Return to Native Trees of the Southern Rocky Mountains

Greene's Mountain-Ash of the Southern Rocky Mountains

by Stuart Wier

A shrub or small tree with compound leaves of many narrow leaflets, dense flat clusters of small white flowers in June and July, and in Fall clusters of red or red-orange fruit like tiny apples. Greene's mountain-ash, which is not a true ash tree, grows in shaded moist places in forest glens and mountain canyons from about 6000 to 10,000 feet elevation, along both sides of the Continental Divide, and is more common at higher elevations on the western slope. It can reach 20 feet in height and 4 inches in stem diameter. The fruit is eaten by numerous birds, and by marten and fisher. Deer, elk, and moose browse the twigs.

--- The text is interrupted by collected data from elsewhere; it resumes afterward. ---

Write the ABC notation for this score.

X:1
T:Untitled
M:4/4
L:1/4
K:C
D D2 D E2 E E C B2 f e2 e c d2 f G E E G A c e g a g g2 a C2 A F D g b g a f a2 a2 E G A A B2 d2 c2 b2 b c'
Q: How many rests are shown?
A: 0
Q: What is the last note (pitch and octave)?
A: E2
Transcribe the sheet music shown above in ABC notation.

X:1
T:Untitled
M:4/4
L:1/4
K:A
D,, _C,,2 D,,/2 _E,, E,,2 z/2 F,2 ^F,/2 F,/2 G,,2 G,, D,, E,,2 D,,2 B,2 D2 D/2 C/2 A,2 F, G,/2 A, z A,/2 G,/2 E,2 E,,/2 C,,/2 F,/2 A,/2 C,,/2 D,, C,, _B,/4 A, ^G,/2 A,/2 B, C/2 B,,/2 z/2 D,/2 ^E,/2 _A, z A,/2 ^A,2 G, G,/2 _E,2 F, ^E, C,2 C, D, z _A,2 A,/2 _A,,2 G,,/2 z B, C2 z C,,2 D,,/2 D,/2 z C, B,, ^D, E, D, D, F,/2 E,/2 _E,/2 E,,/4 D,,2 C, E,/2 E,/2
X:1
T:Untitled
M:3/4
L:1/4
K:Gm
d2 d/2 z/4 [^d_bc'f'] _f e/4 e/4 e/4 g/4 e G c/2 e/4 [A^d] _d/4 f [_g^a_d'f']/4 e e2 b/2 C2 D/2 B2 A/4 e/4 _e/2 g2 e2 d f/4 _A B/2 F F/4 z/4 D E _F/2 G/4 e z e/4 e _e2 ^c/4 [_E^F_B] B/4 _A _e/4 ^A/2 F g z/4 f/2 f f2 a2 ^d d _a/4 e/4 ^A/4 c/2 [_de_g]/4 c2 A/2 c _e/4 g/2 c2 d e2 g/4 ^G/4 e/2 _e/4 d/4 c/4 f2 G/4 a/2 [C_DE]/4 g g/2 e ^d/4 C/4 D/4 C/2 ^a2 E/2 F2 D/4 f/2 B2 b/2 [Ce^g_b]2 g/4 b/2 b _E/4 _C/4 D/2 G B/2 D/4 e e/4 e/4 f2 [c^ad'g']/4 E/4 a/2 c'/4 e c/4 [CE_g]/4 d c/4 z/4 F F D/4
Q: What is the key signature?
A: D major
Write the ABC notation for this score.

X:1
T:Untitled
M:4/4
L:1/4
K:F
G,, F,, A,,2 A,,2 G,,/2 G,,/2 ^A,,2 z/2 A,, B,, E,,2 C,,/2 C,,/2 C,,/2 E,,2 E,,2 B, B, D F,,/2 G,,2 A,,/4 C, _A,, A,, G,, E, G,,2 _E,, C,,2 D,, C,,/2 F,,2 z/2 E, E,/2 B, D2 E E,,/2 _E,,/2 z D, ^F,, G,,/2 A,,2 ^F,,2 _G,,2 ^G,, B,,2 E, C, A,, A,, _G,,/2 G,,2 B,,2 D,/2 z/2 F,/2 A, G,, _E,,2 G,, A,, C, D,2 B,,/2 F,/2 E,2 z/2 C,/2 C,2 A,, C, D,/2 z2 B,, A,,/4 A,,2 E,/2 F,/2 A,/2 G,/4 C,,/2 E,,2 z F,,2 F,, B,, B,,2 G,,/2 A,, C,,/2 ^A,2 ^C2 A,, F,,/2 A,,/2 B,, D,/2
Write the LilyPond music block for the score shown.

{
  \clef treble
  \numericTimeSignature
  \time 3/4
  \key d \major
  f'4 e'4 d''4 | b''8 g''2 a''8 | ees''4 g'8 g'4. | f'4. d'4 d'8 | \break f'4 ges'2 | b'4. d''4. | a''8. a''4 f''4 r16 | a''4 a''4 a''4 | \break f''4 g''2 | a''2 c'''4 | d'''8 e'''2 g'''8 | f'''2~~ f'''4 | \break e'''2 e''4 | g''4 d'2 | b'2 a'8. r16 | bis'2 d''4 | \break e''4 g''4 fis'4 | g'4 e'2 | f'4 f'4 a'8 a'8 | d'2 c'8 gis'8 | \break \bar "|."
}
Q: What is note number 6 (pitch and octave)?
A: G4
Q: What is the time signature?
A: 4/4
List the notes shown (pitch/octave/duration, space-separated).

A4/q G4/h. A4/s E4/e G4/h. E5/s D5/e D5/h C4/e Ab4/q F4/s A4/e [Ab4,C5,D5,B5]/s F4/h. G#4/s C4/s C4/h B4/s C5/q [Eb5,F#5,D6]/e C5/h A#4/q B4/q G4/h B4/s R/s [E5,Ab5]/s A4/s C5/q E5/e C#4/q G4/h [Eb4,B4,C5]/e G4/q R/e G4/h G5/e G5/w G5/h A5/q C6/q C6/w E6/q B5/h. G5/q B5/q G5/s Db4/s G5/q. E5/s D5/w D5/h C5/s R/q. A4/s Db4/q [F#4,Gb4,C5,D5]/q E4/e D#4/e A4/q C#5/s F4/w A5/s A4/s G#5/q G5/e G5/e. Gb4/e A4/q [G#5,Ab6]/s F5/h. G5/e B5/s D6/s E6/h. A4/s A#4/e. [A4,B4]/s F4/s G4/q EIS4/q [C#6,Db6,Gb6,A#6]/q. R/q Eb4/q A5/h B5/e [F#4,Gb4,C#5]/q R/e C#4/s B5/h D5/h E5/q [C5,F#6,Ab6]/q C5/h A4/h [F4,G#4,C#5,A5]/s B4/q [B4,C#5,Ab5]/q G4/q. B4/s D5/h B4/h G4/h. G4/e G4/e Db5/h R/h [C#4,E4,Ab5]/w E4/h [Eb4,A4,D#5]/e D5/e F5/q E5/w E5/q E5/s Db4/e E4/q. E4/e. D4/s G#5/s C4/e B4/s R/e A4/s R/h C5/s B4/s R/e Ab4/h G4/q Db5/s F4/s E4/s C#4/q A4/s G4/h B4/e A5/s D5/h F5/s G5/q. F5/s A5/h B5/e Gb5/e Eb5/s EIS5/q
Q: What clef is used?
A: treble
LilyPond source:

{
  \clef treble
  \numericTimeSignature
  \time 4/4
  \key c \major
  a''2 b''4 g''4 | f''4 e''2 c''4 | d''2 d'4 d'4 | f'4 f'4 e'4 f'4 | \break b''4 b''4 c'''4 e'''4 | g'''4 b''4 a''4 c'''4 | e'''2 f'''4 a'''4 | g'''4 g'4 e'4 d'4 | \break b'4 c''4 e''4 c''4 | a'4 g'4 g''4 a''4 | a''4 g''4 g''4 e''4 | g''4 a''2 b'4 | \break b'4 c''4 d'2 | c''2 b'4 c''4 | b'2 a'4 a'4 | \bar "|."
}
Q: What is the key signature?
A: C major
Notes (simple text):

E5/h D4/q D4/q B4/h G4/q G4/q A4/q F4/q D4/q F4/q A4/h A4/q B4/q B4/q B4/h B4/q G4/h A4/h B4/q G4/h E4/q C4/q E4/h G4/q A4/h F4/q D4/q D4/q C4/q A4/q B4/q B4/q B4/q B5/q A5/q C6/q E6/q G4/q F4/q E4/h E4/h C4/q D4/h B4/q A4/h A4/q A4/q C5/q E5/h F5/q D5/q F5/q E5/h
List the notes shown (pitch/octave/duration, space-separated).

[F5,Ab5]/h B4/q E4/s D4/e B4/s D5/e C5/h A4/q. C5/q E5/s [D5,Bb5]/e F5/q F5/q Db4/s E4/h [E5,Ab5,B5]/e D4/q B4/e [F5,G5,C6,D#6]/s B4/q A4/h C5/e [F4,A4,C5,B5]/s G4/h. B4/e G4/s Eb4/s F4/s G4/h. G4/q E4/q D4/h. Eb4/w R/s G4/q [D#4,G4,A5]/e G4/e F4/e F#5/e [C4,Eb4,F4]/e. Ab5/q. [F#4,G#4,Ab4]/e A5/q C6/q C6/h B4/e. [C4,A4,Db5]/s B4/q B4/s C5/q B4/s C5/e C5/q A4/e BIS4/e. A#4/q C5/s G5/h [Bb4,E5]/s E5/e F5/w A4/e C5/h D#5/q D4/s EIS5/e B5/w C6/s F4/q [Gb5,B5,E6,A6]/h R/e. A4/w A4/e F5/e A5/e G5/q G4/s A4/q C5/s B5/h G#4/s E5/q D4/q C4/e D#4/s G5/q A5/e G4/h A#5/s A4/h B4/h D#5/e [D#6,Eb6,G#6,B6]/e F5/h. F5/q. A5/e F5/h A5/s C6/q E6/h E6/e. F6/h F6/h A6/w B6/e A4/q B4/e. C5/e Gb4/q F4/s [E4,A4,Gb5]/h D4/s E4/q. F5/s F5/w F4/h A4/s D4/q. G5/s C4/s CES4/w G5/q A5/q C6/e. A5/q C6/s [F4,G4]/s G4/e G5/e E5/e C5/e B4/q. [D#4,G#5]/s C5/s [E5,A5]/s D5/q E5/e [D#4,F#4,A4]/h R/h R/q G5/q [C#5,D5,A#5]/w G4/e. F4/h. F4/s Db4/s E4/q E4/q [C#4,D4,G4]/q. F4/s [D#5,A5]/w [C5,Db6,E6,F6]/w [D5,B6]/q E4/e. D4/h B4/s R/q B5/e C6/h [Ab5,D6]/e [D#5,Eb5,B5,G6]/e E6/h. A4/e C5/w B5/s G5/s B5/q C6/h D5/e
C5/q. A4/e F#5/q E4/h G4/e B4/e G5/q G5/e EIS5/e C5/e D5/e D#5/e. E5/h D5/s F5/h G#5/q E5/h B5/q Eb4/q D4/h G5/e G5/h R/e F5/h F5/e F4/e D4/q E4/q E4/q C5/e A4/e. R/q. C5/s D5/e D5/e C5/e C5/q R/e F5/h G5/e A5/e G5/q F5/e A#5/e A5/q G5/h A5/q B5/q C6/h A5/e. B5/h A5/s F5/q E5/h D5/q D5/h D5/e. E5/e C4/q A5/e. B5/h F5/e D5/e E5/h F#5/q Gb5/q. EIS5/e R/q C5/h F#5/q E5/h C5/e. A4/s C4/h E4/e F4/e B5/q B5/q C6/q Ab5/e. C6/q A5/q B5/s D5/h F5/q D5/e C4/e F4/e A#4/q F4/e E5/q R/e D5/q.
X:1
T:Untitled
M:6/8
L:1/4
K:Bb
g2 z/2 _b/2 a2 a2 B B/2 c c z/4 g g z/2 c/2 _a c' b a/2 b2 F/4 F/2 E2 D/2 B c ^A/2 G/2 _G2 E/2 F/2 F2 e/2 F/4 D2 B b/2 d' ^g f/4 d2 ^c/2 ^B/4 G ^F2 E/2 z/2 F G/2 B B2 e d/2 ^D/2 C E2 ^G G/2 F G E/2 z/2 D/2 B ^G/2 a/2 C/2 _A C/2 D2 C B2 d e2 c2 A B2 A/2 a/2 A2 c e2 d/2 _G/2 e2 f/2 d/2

The tree is named for Edward L. Greene who first described it. It is also called the Rowan tree, a traditional name for the European mountain-ash of the same genus (Sorbus), which also can propagate naturally in Colorado. The scientific name is Sorbus scopulina, scopulina meaning "of the rocks."

Leaves: 4 to 9 inches long, compound, 11 to 15 leaflets, each leaflet 1 to 2 inches long, sharply toothed nearly to the base, narrow, and very sharply pointed. Colorful in fall. Sumac leaves are similar in shape but much larger.

Fruit: Each berry 1/4 inch to 3/8 inch diameter, numerous in flat clusters 4 to 6 inches across, in August.

Bark: thin, reddish brown, smooth or slightly scaly.